What to do:
Leave out the pictures and retype, exactly, the lines below from the line with "Şişede damla pipeti" up to and including the line with "Model wearing a", nothing more.

[Caption-style text data]
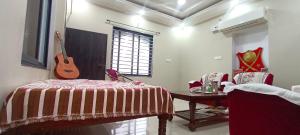 a bedroom with a bed and a guitar on the wall at Rajawat house in Tonk City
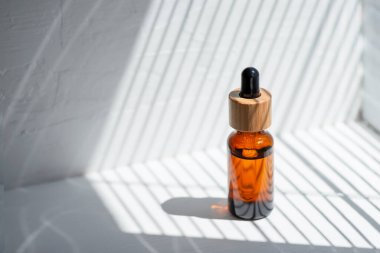 Şişede damla pipeti ve serum ya da gerekli yağ var. Beyaz arka plan, gün ışığı ve güzel köşegen gölgeler. Cilt bakım ürünleri, doğal kozmetik ürünleri. Yüz ve vücut bakımı için güzellik konsepti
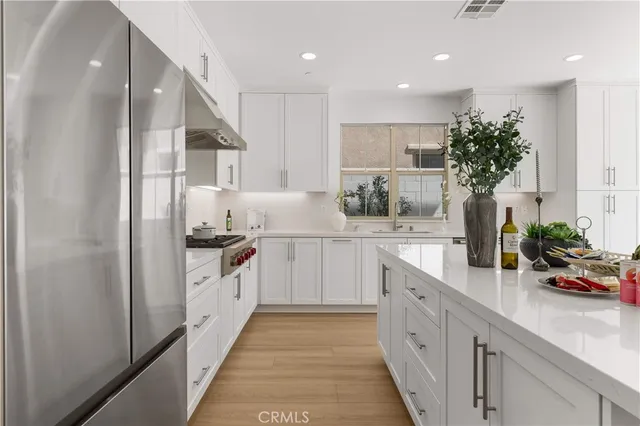 a view of a hallway with furniture and a potted plant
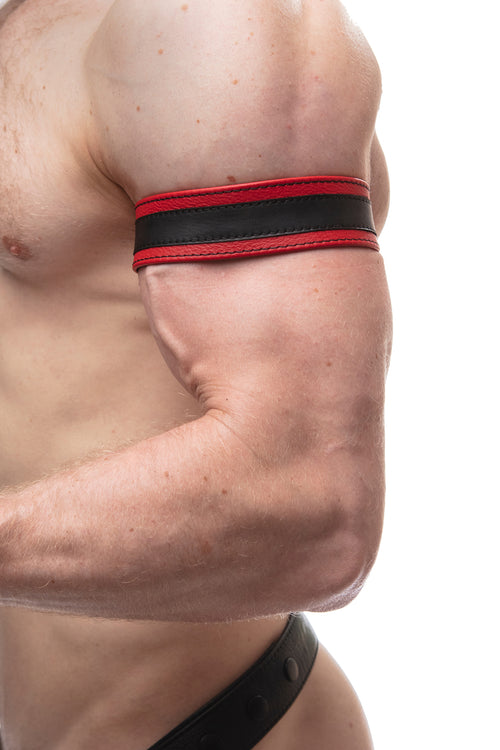 Model wearing a 1.5" red leather armband with black racing stripe detail.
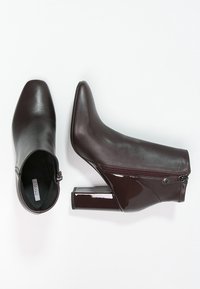 Burgundowe botki za kostkę z gładkiej skóry, z zamkiem błyskawicznym po boku i błyszczącej, kwadratowej obcasie, z wąskim noskiem.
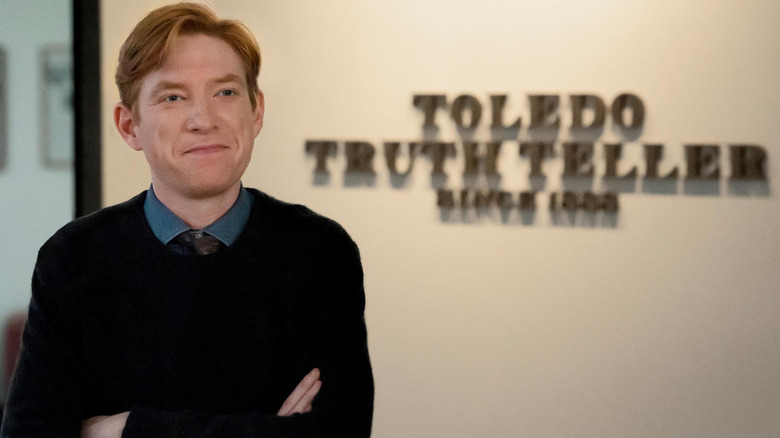 Editor-in-chief Ned Sampson (Domhnall Gleeson) standing in front of a wall sign that reads 
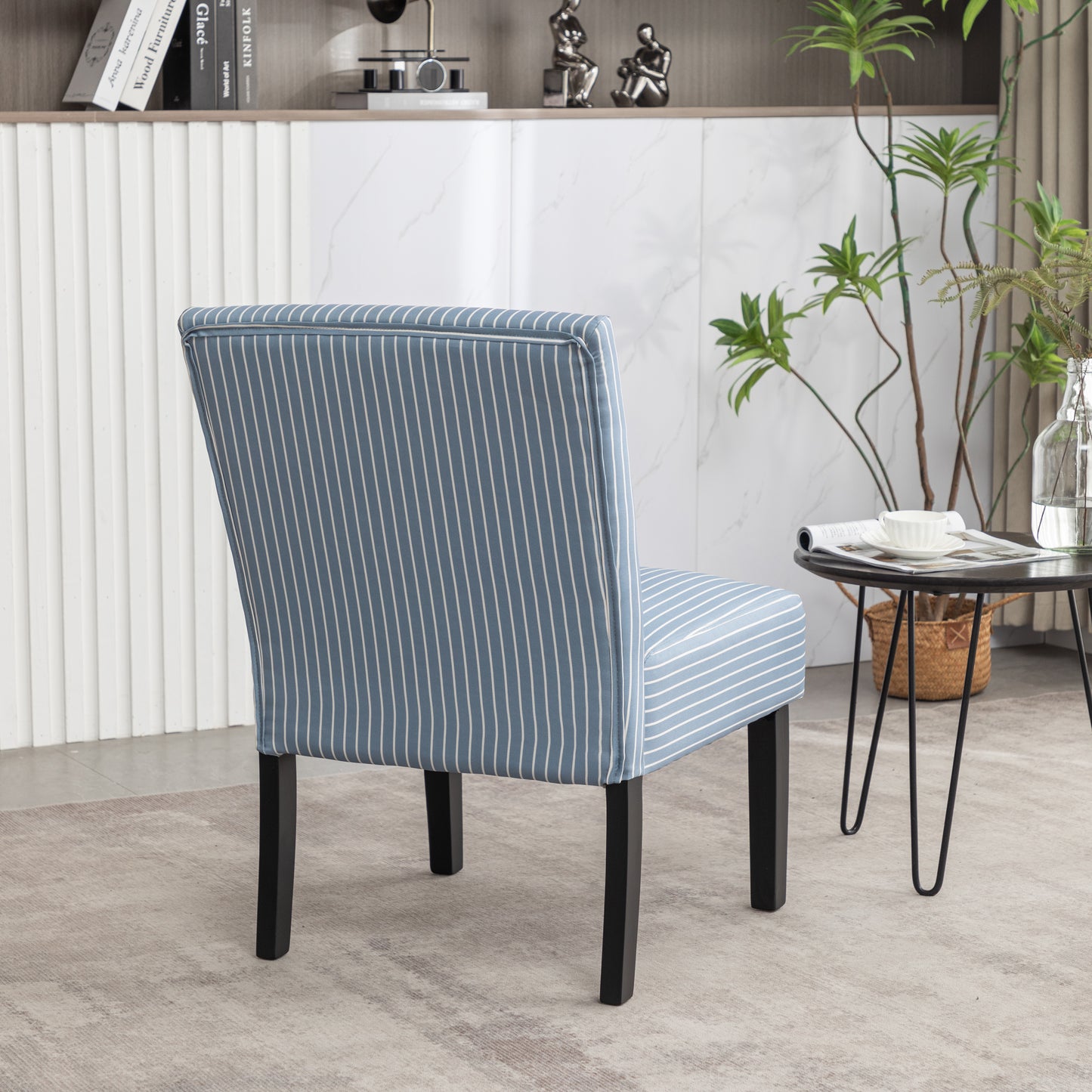 Blue striped accent chair with clean lines perfect for a modern living room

Solution to this exercise:
 Şişede damla pipeti ve serum ya da gerekli yağ var. Beyaz arka plan, gün ışığı ve güzel köşegen gölgeler. Cilt bakım ürünleri, doğal kozmetik ürünleri. Yüz ve vücut bakımı için güzellik konsepti
 a view of a hallway with furniture and a potted plant
 Model wearing a 1.5" red leather armband with black racing stripe detail.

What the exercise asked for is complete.